**Brief**
Under this line are the records; repeat exactly the lines starting at the one containing "this 360×270 image." and ending at the one containing "this 300×168 image.", omitting pictures.

**Data supplied**
»»

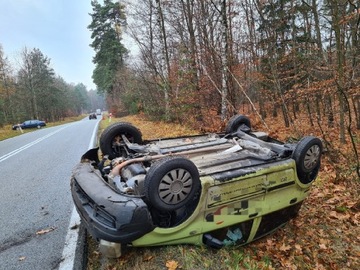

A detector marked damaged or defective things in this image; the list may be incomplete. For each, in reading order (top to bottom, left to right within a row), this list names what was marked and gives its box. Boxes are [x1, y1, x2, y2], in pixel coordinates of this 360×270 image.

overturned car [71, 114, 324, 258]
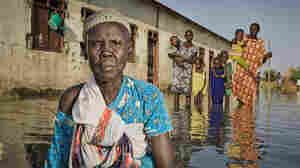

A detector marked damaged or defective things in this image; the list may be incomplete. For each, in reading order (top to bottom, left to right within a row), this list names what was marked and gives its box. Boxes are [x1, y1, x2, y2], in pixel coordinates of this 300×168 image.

««
»»

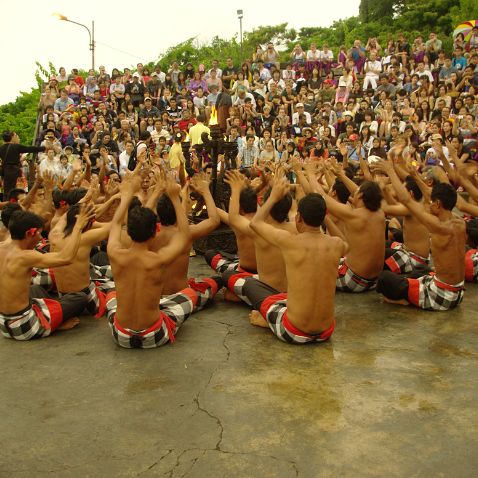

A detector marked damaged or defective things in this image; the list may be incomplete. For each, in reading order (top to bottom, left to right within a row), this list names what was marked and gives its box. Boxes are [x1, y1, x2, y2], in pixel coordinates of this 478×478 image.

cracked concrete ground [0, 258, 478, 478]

««

**Written solution**
A detector marked damaged or defective things in this image; the list may be incomplete. For each, in reading order (top to bottom, left to right within a row), this list names what was marked and gives its box. Boxes are [x1, y1, x2, y2], in pixel coordinates of this 360×270 image.

overturned car [71, 114, 324, 258]

A detector marked damaged or defective things in this image; the list may be incomplete. For each, in reading order (top to bottom, left to right within a row), this list names what was marked and gives its box. Boxes are [x1, y1, x2, y2], in pixel coordinates of this 300×168 image.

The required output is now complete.